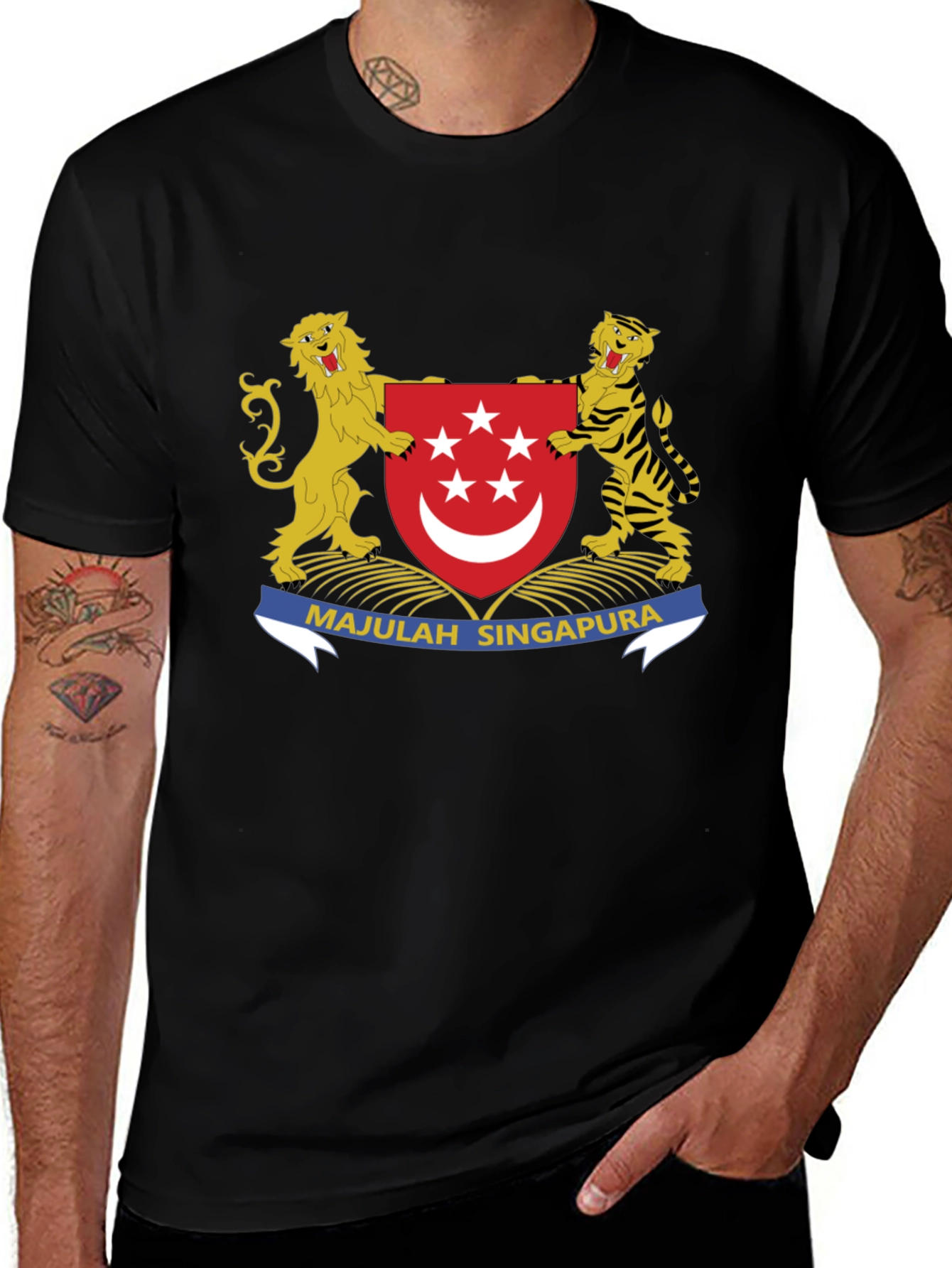 Singapore Coat of Arms T-Shirt - Majulah Singapura!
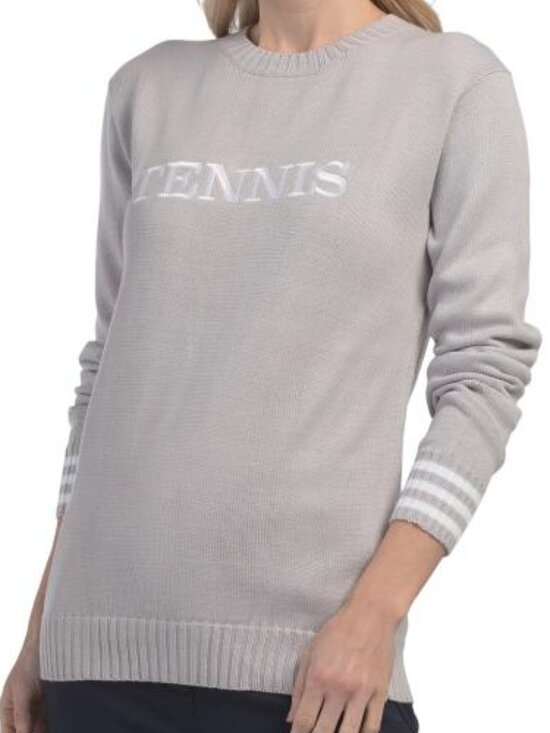 the bubble Sweaters - The Bubble Tennis Sweater LARGE ,GREY Striped Cuff Cotton Blend Womens NEW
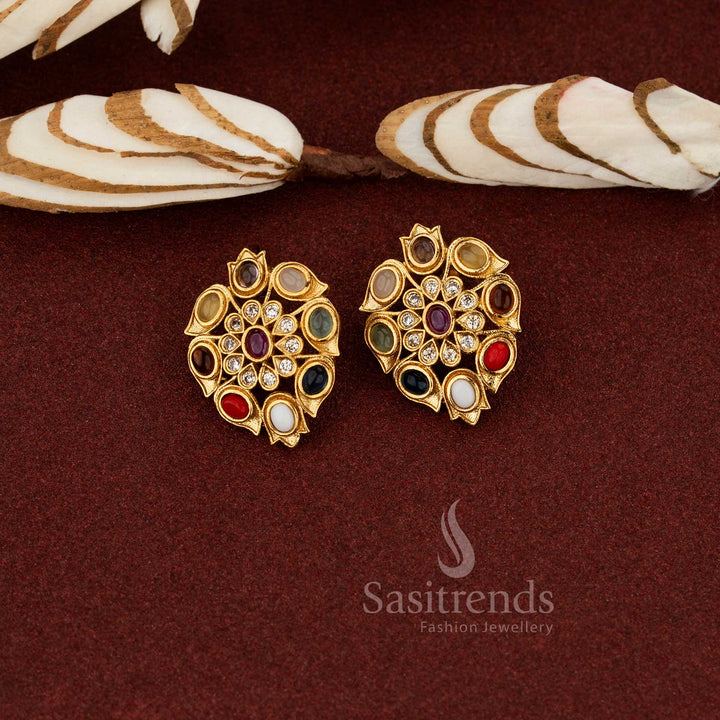 Amazing Temple Matte Gold Plated Navarathna Mandala Floral Stud Earrings for Ethnic, Office & Casual Traditional Wear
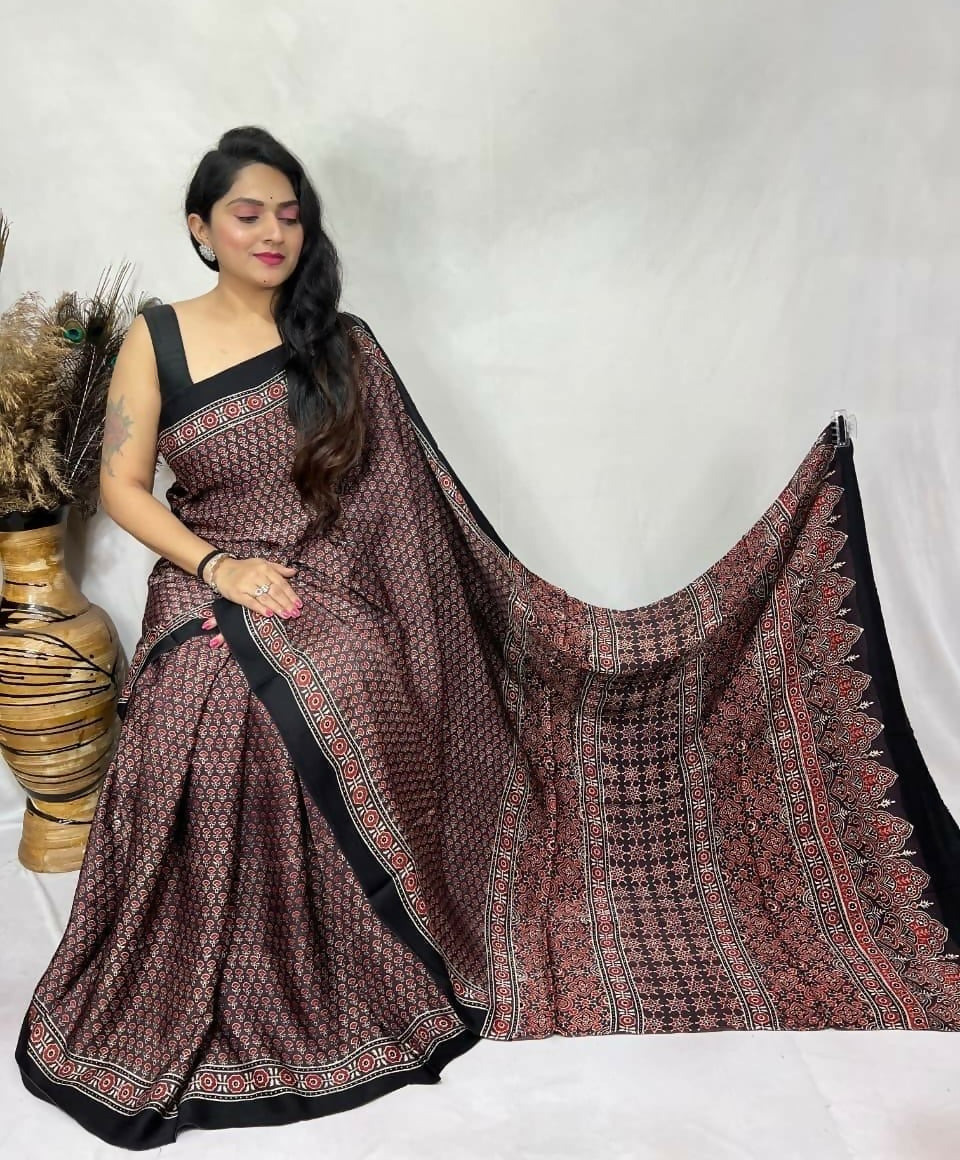 Modal Silk Ajrakh Saree – Maroon with Traditional Ajrakh Print
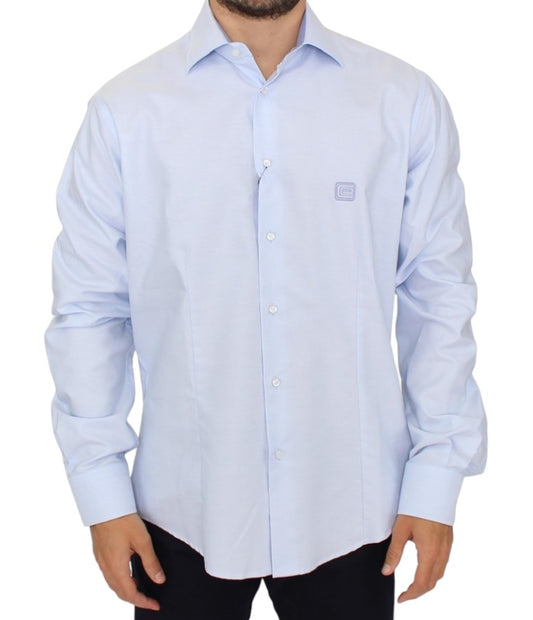 Elegante camisa azul claro de algodón italiano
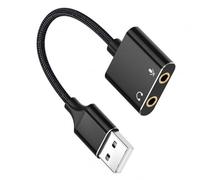 LLHCF USB To 3.5mm Adapter With Decorder Chip For Improved Sound And Microphone Claritys For PC/Laptop Computer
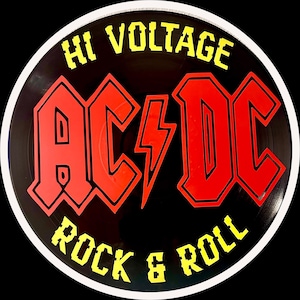 AC/DC Themed Vinyl Record Wall Art Created On A Recycled 12 Inch Vinyl Record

▶ **What you will do**
Would you mind transcribing the material exactly, without the pictures?

▶ **The answer**
 Singapore Coat of Arms T-Shirt - Majulah Singapura!
 the bubble Sweaters - The Bubble Tennis Sweater LARGE ,GREY Striped Cuff Cotton Blend Womens NEW
 Amazing Temple Matte Gold Plated Navarathna Mandala Floral Stud Earrings for Ethnic, Office & Casual Traditional Wear
 Modal Silk Ajrakh Saree – Maroon with Traditional Ajrakh Print
 Elegante camisa azul claro de algodón italiano
 LLHCF USB To 3.5mm Adapter With Decorder Chip For Improved Sound And Microphone Claritys For PC/Laptop Computer
 AC/DC Themed Vinyl Record Wall Art Created On A Recycled 12 Inch Vinyl Record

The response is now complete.